[erlang-questions] moving process state - copy on write - heap memory increase

46 views
Skip to first unread message

Roland

unread,
Sep 11, 2012, 5:45:18 PM9/11/12
to erlang-q...@erlang.org
Hello!

I want to move the state of my process to another process. Unfortunately
this is not possible without a huge increase in memory consumption as by
copying the state the "copy on write semantics" are lost.

This behaviour is demonstrated in my attached simplified t_process module.

-> {ok, Pid} = t_process:start_link().
-> t_process:bloat(Pid). --> memory consumption of the process is at
6657256 after "bloat" is finished
-> t_process:reload_bag(P1). --> memory consumption is at 26295176 (4
times as much)

No data has not been modified in any way, the data stays the same.

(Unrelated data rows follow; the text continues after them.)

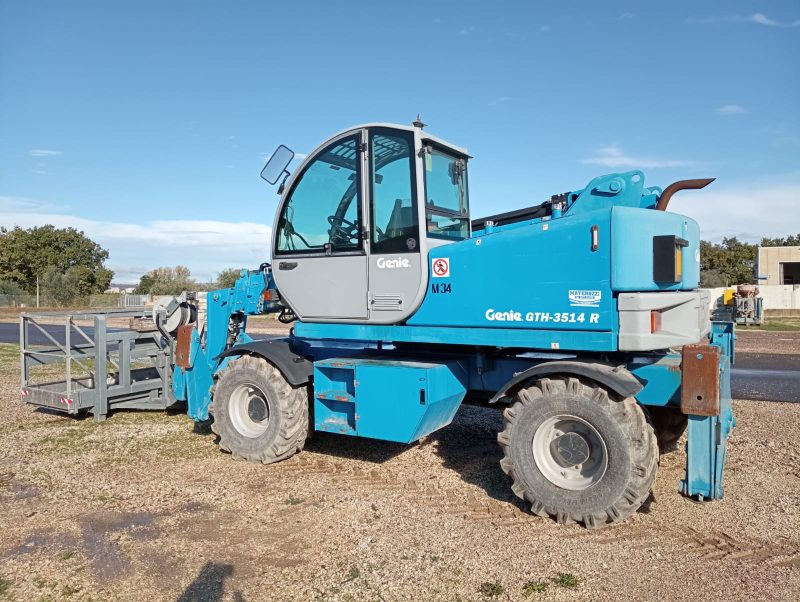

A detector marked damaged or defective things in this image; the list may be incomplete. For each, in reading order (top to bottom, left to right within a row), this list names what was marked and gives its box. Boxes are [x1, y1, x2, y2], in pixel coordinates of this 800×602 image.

rusty metal bracket [173, 326, 194, 368]
rusty metal bracket [680, 342, 720, 418]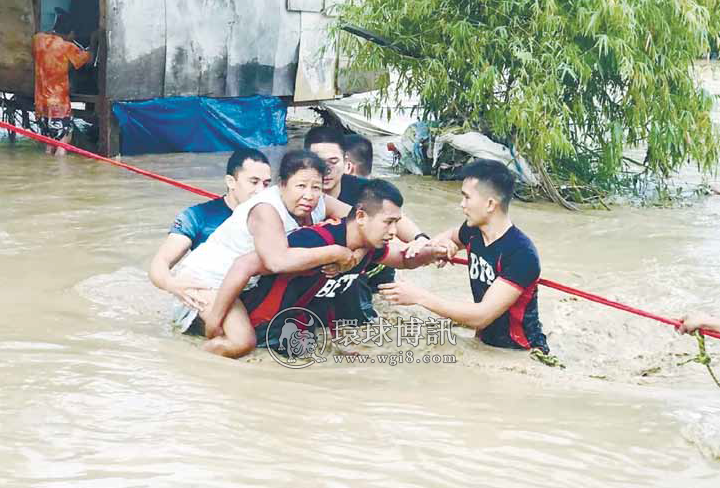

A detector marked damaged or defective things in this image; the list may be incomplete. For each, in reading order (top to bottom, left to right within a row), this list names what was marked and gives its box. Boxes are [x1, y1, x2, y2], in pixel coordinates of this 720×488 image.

rusty metal sheet [0, 0, 35, 96]
rusty metal sheet [105, 0, 165, 100]
rusty metal sheet [163, 0, 233, 98]
rusty metal sheet [225, 0, 298, 97]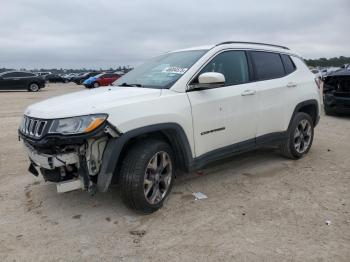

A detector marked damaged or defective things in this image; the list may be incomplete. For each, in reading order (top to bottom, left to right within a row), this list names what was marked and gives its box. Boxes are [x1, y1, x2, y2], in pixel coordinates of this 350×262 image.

damaged front bumper [18, 121, 120, 194]
damaged headlight [48, 114, 107, 135]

My question is: Despite what i want to do with this state transfer, is
there any way to copy the state of a process without losing the "copy on
write semantics", so that the target process has the same memory
footprint as the original one?

Can someone point me to any direction/documentation on how i can get
arround this issue?

Thank you!

-module(t_process).

-behaviour(gen_server).

-export([start_link/0, init/1, handle_call/3, handle_cast/2,
handle_info/2, terminate/2, code_change/3, bloat/1, reload_bag/1]).

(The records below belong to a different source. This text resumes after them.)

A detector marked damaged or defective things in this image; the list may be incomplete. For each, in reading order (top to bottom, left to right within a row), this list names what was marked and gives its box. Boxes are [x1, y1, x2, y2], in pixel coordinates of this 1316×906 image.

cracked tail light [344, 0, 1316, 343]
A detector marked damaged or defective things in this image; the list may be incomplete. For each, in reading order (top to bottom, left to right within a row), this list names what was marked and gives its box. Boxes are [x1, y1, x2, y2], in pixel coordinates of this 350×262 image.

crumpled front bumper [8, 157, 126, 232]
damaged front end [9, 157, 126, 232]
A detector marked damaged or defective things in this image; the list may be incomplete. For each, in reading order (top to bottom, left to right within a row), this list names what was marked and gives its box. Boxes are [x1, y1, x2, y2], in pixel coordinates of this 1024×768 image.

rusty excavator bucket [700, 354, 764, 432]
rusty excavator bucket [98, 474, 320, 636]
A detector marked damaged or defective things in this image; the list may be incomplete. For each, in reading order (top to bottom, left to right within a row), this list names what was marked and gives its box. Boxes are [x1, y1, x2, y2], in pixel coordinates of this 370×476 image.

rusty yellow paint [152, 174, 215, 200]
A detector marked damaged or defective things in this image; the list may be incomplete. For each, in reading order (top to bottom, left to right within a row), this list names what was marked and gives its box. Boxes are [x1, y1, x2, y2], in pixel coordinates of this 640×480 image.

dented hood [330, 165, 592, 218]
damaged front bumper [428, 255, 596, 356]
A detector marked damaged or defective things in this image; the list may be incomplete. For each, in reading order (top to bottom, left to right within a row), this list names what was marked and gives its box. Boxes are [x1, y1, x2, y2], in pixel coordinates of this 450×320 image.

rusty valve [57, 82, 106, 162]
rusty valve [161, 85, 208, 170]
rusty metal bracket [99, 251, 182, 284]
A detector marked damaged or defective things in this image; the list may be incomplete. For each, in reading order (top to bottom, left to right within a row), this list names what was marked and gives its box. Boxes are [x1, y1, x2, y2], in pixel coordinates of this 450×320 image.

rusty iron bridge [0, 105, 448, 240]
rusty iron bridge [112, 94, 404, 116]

-record(process, {bag = []}).

start_link() ->
gen_server:start_link(?MODULE, [], []).

bloat(Pid) ->
gen_server:cast(Pid, bloat).

reload_bag(Pid) ->
gen_server:call(Pid, reload_bag).

init([]) ->
{ok, #process{}}.

handle_call(reload_bag, _From, State) ->
BinaryBag = erlang:term_to_binary(State#process.bag), % simulate
state transfer / loss of semantics
io:format("Bag size is ~w.", [erlang:size(BinaryBag)]),
{reply, ok, State#process{bag = erlang:binary_to_term(BinaryBag)}};

handle_call(_Call, _From, State) ->
{reply, ok, State}.

handle_cast(bloat, State) ->
NewBag = lists:concat([State#process.bag, lists:foldl(fun(_C, List)
-> List ++ [{"ABCDEFGHIJKLMNOPQRSTUVWXYZ"}] end, [], lists:seq(1, 50000))]),
io:format("Bloating finished."),
{noreply, State#process{bag = NewBag}};

handle_cast(_Cast, State) ->
{noreply, State}.

handle_info(_Info, State) ->
{noreply, State}.

terminate(_Reason, _State) ->
ok.

code_change(_OldVsn, State, _Extra) ->
{ok, State}.

_______________________________________________
erlang-questions mailing list
erlang-q...@erlang.org
http://erlang.org/mailman/listinfo/erlang-questions

Björn-Egil Dahlberg

unread,
Sep 11, 2012, 9:10:39 PM9/11/12
to Roland, erlang-q...@erlang.org
Hi,

Sharing within a compounded data term is not preserved on send nor in
term to binary.

One way to reinstate sharing is to walk through the compounded term
and look for sharing (Wind3d uses this trick).

Ex.
Ls = <list of items>,
{Sh,_} = lists:mapfold(fun(I, T) ->
case gb_trees:lookup(I,T) of
none -> {I, gb_trees:enter(I,I,T)};
{value, V} -> {V, T}
end
end, gb_trees:empty(), Ls),
Sh.

(disclaimer: I am writing code when sleepy and I always forget the
mapfold syntax. But you get the idea.)

This approach requires some knowledge about the structure of the data
to be reshared. It will also temporary increase the total memory while
performing the resharing.

I'm sure there are other, perhaps much better, approaches as well to
this problem.

There exists several proposals on preserved sharing on send, but none
are currently implemented in the vm.

// Björn-Egil

Skickat från min iPad

Yiannis Tsiouris

unread,
Sep 12, 2012, 3:11:48 AM9/12/12
to erlang-q...@erlang.org
Hi,

Actually that's funny because there is some work [1] by Nikos Papaspyrou and Kostis Sagonas that will be presented on Friday the 14th on the Erlang Workshop in Copenhagen! It's an (experimental) implementation of a copy that preserves sharing...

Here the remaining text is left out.